SAP announces global job cuts of 3,000, to raise funds through Qualtrics stake sale


SAP, a German software company, announced on Thursday that it will be cutting 3000 jobs, representing a 2.5% reduction in its global workforce. Additionally, the company is also planning to sell its remaining stake in Qualtrics.

The layoffs come after SAP reported a 30 per cent increase in revenue thanks to its cloud business in the fourth quarter, which was driven by strong demand for its software.

As part of its cost-saving measures and shift towards cloud operations, global software company SAP announced plans to eliminate 3000 jobs globally, representing 2.5% of its workforce. This move follows a trend among tech giants such as Google, Microsoft, and Amazon, who have also recently announced job cuts amidst anticipation of a challenging economic environment in 2023 despite record profits in the previous year.

SAP

Besides laying off about 3000 people, SAP is also looking to sell off its stake in Qualtrics and has already started the process. SAP bought the company for $8 billion in 2018 and took it public in 2021 at a valuation of nearly $21 billion.However, since then, Qualtrics has seen two-thirds of its value wiped away. As of writing this piece, Qualtrics has a market value of $7 billion. SAP’s stake in Qualtrics is at 71 per cent.

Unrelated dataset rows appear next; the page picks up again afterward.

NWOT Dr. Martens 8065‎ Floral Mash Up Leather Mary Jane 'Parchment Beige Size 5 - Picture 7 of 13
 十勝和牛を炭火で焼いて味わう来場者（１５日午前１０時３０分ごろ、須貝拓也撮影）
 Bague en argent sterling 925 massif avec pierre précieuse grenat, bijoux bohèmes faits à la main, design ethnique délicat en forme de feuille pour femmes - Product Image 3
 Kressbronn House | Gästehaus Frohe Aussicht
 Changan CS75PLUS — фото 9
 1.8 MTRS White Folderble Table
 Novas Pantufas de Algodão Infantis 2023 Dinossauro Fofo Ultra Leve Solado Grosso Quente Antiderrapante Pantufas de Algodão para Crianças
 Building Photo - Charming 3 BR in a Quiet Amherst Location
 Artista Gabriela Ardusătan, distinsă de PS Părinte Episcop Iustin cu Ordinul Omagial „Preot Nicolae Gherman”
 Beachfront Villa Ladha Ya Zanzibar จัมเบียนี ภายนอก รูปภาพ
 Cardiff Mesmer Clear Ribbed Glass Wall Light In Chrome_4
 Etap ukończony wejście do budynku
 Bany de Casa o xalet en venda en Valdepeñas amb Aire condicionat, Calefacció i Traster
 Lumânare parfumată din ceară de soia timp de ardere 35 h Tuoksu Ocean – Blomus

According to the company’s financial statements this year’s core operating profit would be between 8.8 and 8.9 billion euros. Additionally, it anticipates revenue from its cloud services would increase from 12.56 billion euros in 2018 to 15.3 to 15.7 billion euros in 2023.While experts had expressed worry that SAP’s profitable cloud business would suffer if other businesses cut their expenses as a result of the uncertain economy, SAP has been gaining new clients.

SAP has around 120,000 employees. The job cuts will cost the company between $358 million and $429 million, mainly in the first quarter of 2023. It expects to increase its operating profits by 10% to 13% in 2023. The reshuffling is expected to lead to annual savings of $326 million to $380 million in 2024. The company said that it will help fuel investment in strategic growth areas.